System Design Interview Framework & Cheat Sheet
This is it — the final post in our 70-part High Level Design series. Over the course of this journey we have covered foundations, building blocks, data storage engines, distributed systems theory, architecture patterns, and dozens of real-world case studies. This post ties everything together into one actionable reference you can use the night before — or morning of — your system design interview.
1 · The 4-Step Framework
Every system design interview — from FAANG to startups — follows roughly the same shape. The biggest differentiator between candidates who pass and those who don't is structure. Having a repeatable framework keeps you on track, ensures you cover all the bases, and signals to the interviewer that you think methodically about complex problems.
- Ask clarifying questions — never assume
- Define functional requirements (what the system does)
- Define non-functional requirements (latency, availability, consistency, scale)
- Establish scope boundaries — what is out of scope?
- Confirm with interviewer: "Does this scope sound right?"
- Estimate QPS (queries per second) — read vs. write
- Calculate storage needs over 5 years
- Estimate bandwidth (ingress / egress)
- Estimate memory for caching (80/20 rule)
- Use round numbers — precision doesn't matter, order of magnitude does
- Draw the architecture diagram — clients, LB, services, DB, cache, queue
- Define API contracts (REST/gRPC endpoints)
- Design the data model — tables, schemas, key choices
- Walk through the core user flows end-to-end
- Get interviewer buy-in before deep dive
- Pick 2–3 components to go deep on (interviewer may guide you)
- Discuss trade-offs for each decision (SQL vs. NoSQL, push vs. pull, etc.)
- Handle edge cases — failures, hot spots, race conditions
- Add scaling strategies — sharding, replication, caching layers
- Mention monitoring & observability
Step 1: Understand Requirements — In Depth
The first five minutes of a system design interview determine its trajectory. Candidates who jump straight to drawing boxes fail because they solve the wrong problem. Here is a structured approach to requirement gathering:
Functional requirements define what the system does — the user-visible features. Ask:
- Who are the users? (consumers, businesses, internal teams)

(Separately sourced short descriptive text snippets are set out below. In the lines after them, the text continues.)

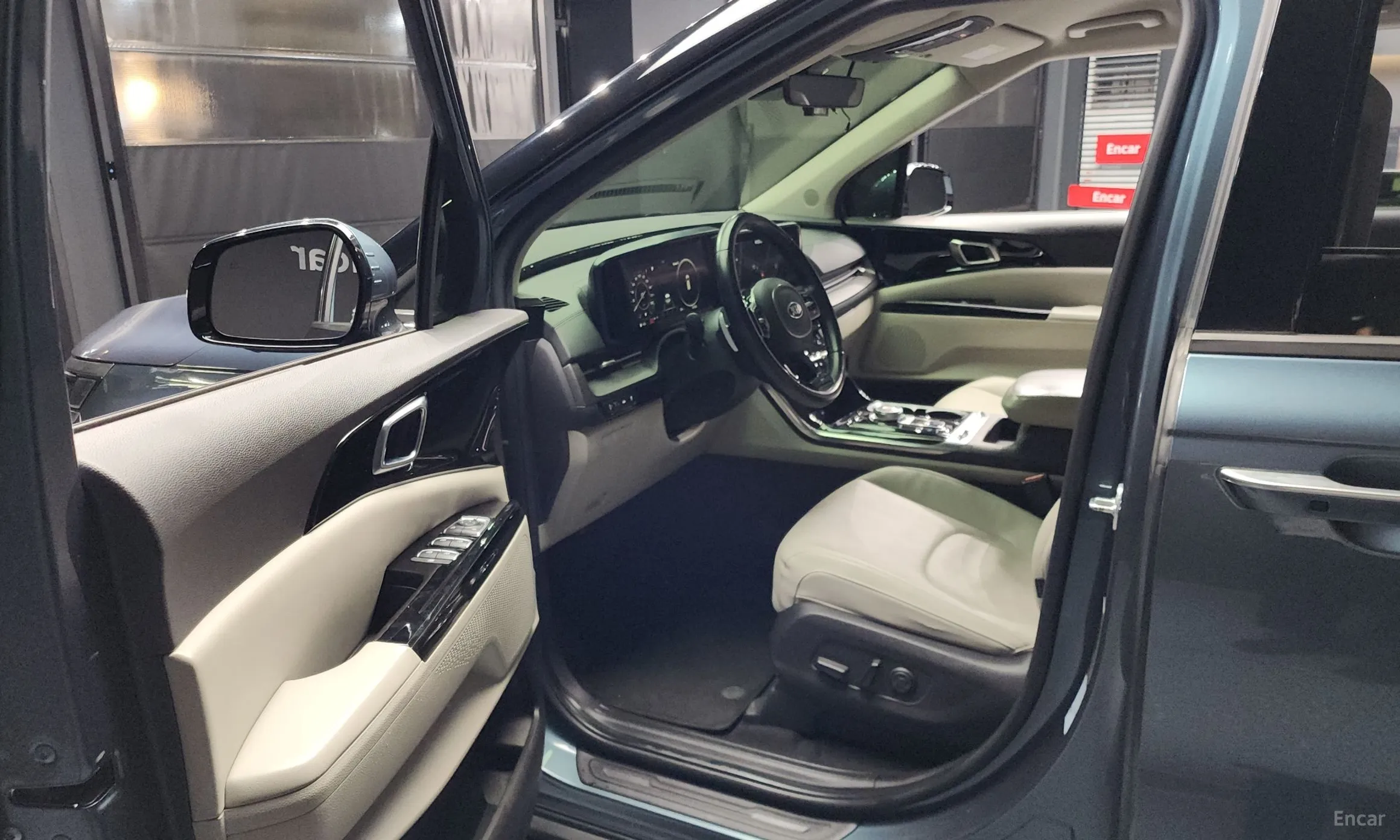 Kia Carnival Gen 4 превью 10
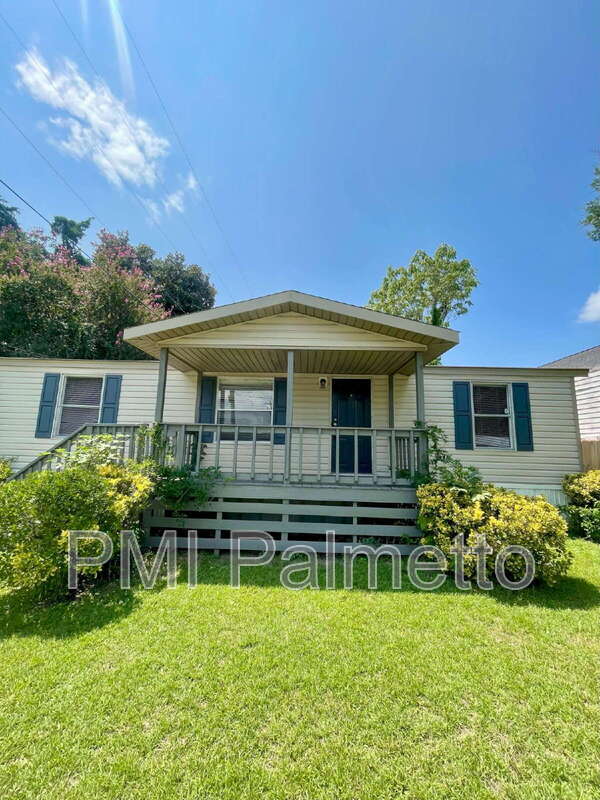 Primary Photo - 106 S Witt St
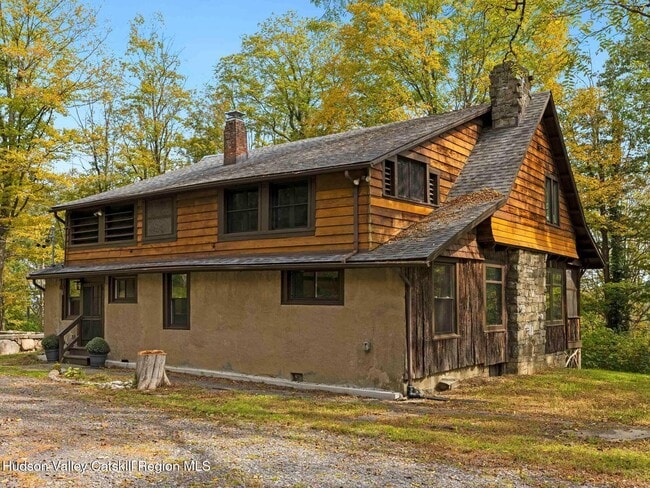 Building Photo - 5 Riverby Ln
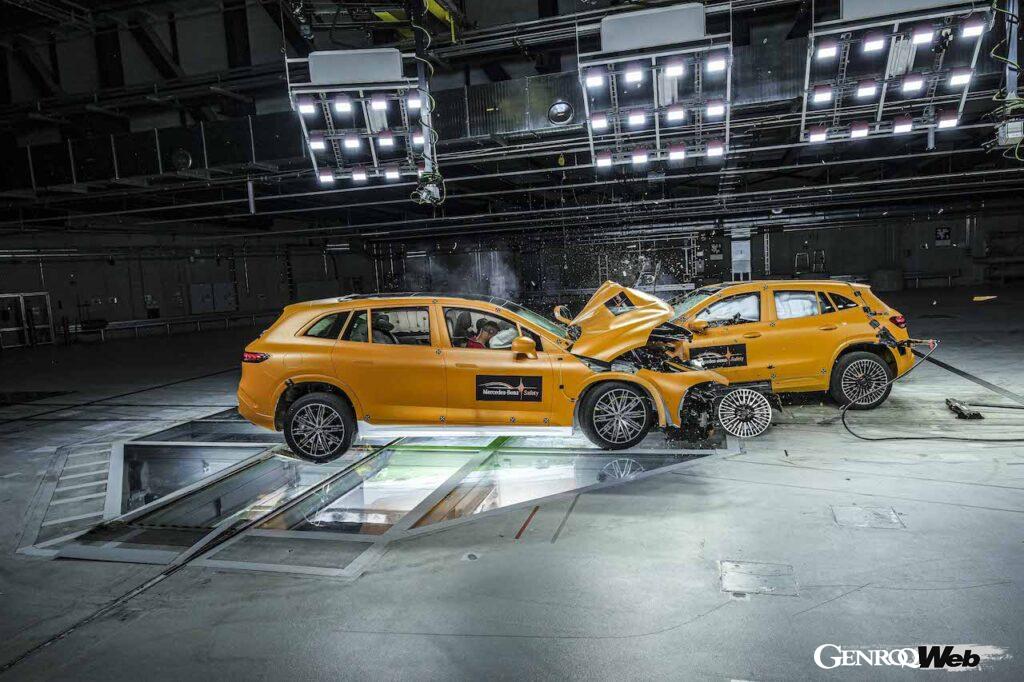 「「EV同士が衝突するとどうなるの？」メルセデス・ベンツがEQAとEQS SUVによる衝突実験を公開【動画】」の14枚目の画像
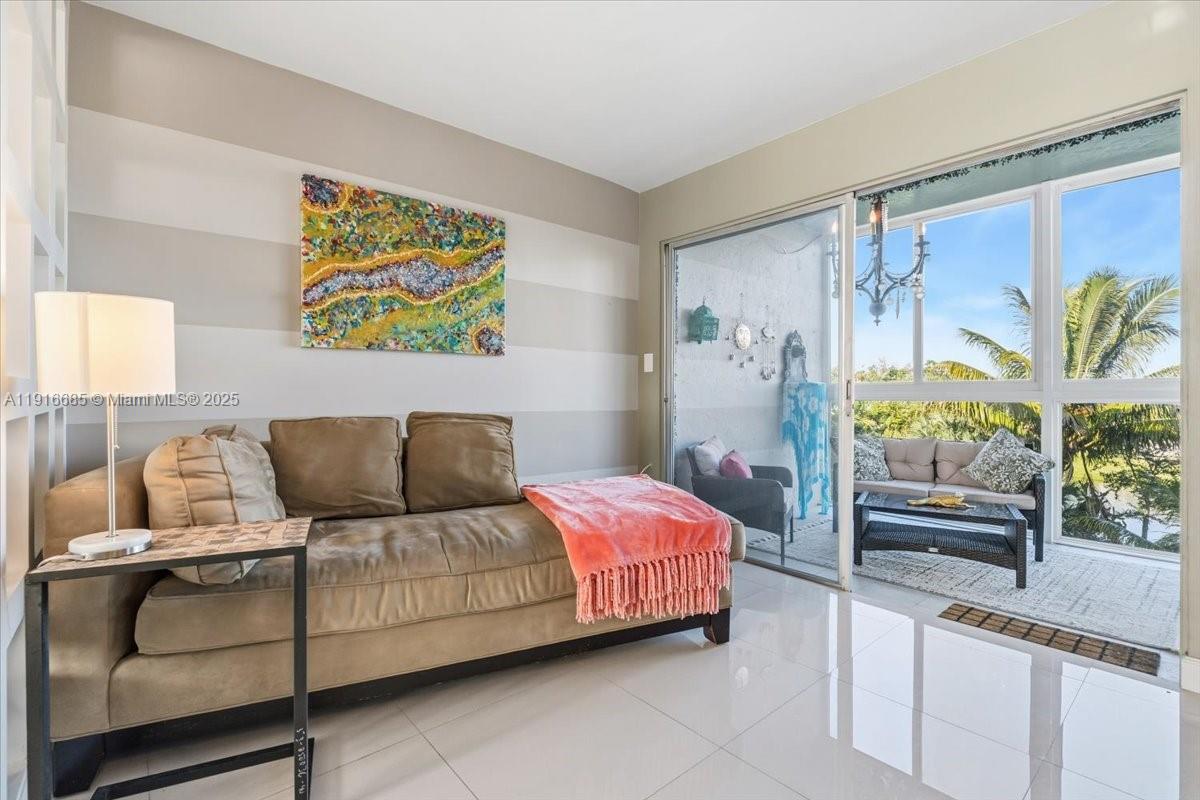 4100 Crystal Lake Dr # 302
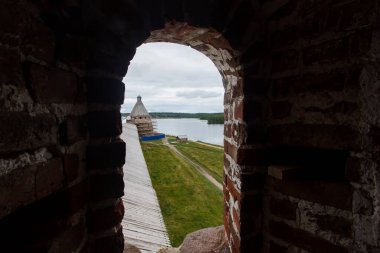 Solovetsky manastırının kale duvarının embriyosu.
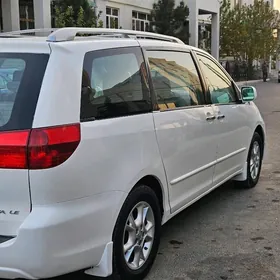 Toyota Sienna 2004
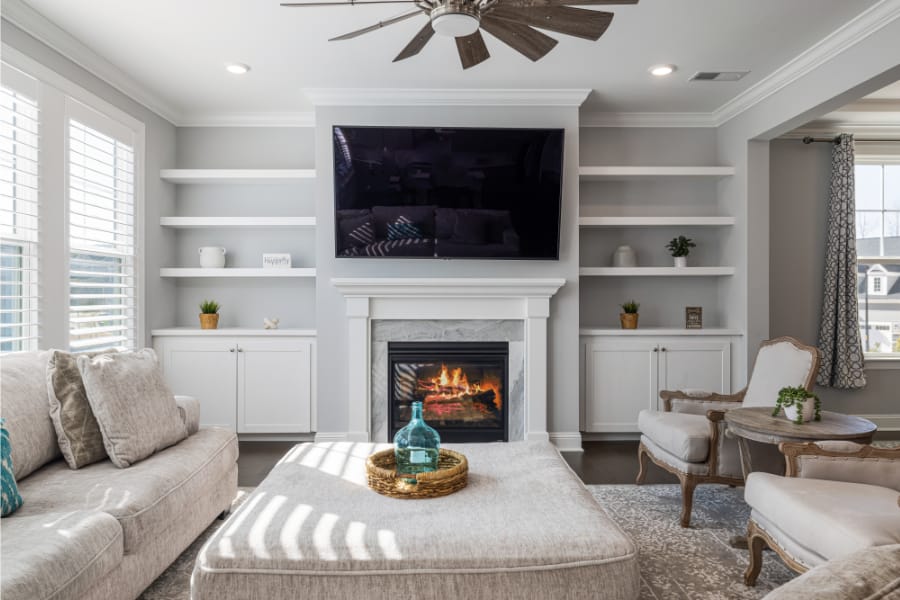 Tips on staging an open house.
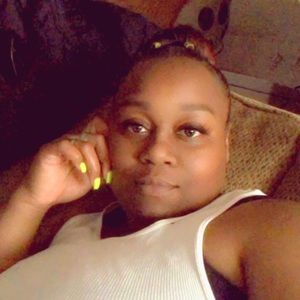 Meet your Posher, Sharonda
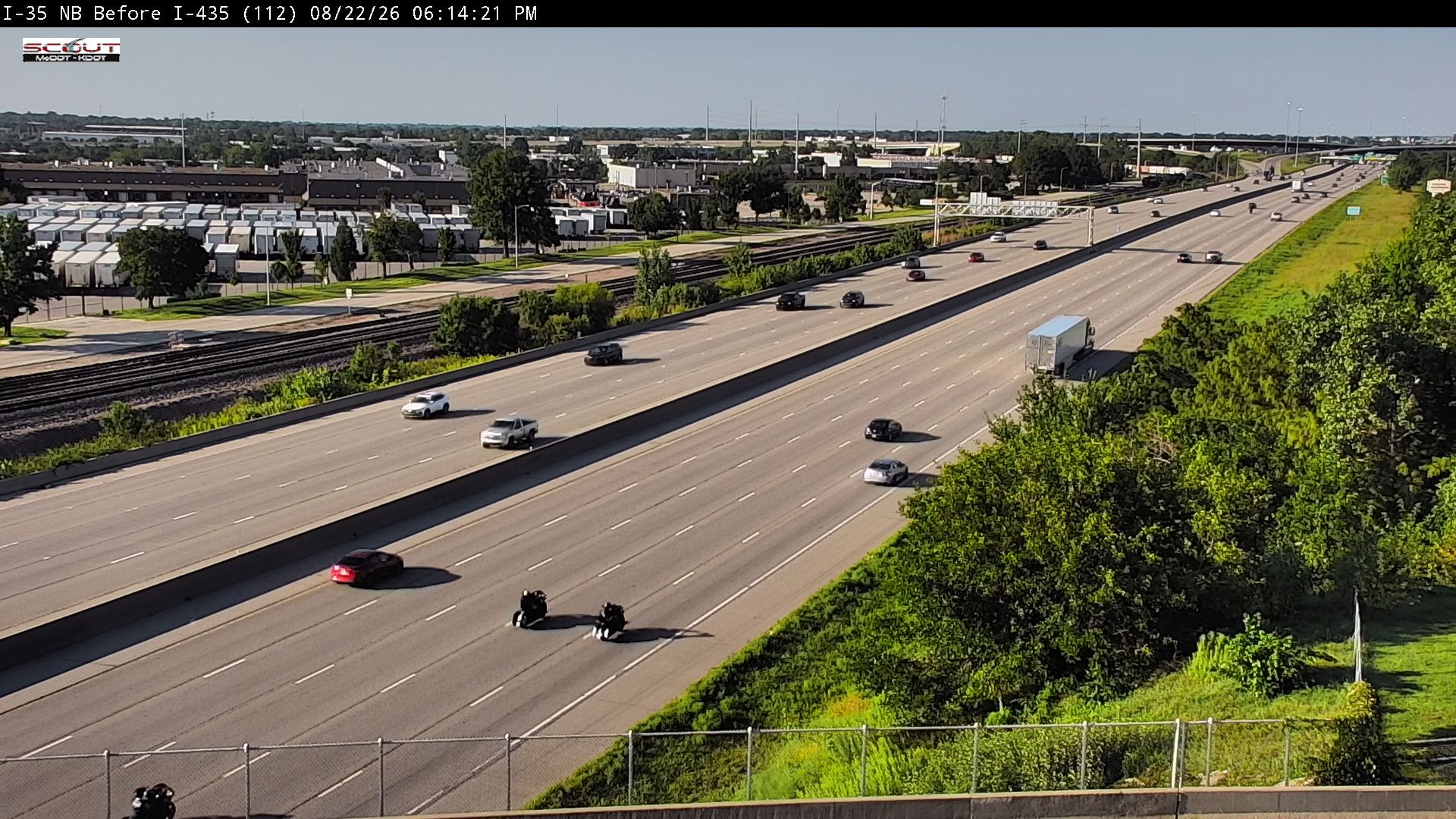 Traffic Cam Lenexa: I- N @ S OF I-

- What are the core use cases? (e.g., "Users can post a tweet and see a feed of tweets")
- Any features explicitly out of scope? (e.g., "Don't worry about DMs for now")
Non-functional requirements define how well the system performs — the quality attributes:
| Attribute | Key Question | Example Answer |
|---|---|---|
| Scale | How many users / requests? | 500M DAU, 10K writes/sec |
| Latency | How fast must responses be? | p99 < 200ms for reads |
| Availability | What uptime is required? | 99.99% (≈52 min downtime/year) |
| Consistency | Eventual or strong? | Eventual for feed, strong for payments |
| Durability | Can we lose data? | Zero data loss for messages |
Step 2: Back-of-Envelope Estimation — In Depth
Estimations ground your design in reality. You don't need exact numbers — you need the right order of magnitude so you can justify architectural choices (e.g., "We need sharding because a single MySQL can't handle 50K writes/sec").
Template for estimation:
// Given: 500M DAU, each user posts 2 tweets/day and reads 100 tweets/day
Write QPS = 500M × 2 / 86400 ≈ 12,000 writes/sec
Read QPS = 500M × 100 / 86400 ≈ 580,000 reads/sec
Read:Write = ~50:1 (read-heavy → optimize for reads)
Storage (5 years):
Each tweet ≈ 250 bytes (text) + 500 bytes (metadata) = 750 bytes
500M × 2 tweets/day × 365 × 5 years × 750 B ≈ 1.37 PB
Bandwidth:
Write: 12,000 × 750 B ≈ 9 MB/s ingress
Read: 580,000 × 750 B ≈ 435 MB/s egress
Cache (80/20 rule — cache 20% of daily reads):
Daily reads = 500M × 100 × 750 B = 37.5 TB/day
Cache 20% = ~7.5 TB → need a distributed cache cluster (Redis)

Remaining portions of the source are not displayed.